Due to completeness of A the expected value and variance of random variable \(\xi _{C,A}(\tilde{X})\) are finite. Since A is deterministic (i.e. it does not use randomization) the observed values will have the same distribution. One can use the preprocessing stage to estimate the effectiveness of the considered partitioning because N can be significantly less than \(2^d\).
So the process of estimating the value (2) for a given \(\tilde{X}\) is as follows. We randomly choose N truth assignments of variables from \(\tilde{X}\)

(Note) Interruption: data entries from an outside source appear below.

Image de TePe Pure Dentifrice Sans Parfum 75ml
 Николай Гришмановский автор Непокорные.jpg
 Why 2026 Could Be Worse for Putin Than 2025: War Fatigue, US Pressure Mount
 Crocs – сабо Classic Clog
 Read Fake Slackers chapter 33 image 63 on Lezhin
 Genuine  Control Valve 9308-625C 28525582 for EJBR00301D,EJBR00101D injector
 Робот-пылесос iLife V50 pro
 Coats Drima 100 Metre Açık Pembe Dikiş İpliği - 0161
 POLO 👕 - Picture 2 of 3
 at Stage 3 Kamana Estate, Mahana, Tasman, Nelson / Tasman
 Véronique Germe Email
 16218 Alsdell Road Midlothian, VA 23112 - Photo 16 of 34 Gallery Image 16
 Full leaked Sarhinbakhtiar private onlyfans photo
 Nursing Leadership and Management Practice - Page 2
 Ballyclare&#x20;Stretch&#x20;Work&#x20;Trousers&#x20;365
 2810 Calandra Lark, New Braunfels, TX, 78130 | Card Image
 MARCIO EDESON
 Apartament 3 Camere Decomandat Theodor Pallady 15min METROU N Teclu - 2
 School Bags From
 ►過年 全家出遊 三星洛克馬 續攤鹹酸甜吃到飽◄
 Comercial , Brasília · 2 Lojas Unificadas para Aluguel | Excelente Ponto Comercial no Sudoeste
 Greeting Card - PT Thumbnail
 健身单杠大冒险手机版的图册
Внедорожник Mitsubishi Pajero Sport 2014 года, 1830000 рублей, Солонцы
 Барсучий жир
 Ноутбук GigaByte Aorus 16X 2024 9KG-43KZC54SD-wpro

$$\begin{aligned} \alpha ^1=\left( \alpha _1^1,\ldots ,\alpha _d^1\right) ,\ldots ,\alpha ^N=\left( \alpha _1^N,\ldots ,\alpha _d^N\right) . \end{aligned}$$
(4)
Below we refer to (4) as random sample. Then consider values
$$\begin{aligned} \zeta ^j=\xi _{C,A}\left( \alpha ^j\right) ,\quad j=1,\ldots ,N \end{aligned}$$
and calculate the value
$$\begin{aligned} F_{C,A}\left( \tilde{X}\right) =2^d\cdot \left( \frac{1}{N}\cdot \sum \limits _{j=1}^N \zeta ^j\right) . \end{aligned}$$
(5)
If N is large enough then the value of \(F_{C,A}\left( \tilde{X}\right)\) can be considered as a good approximation of (2). That is why one can search for a decomposition set with minimal value of \(F_{C,A}\left( \cdot \right)\) instead of finding a decomposition set with minimal value (2). Below we refer to function \(F_{C,A}\left( \cdot \right)\) as predictive function.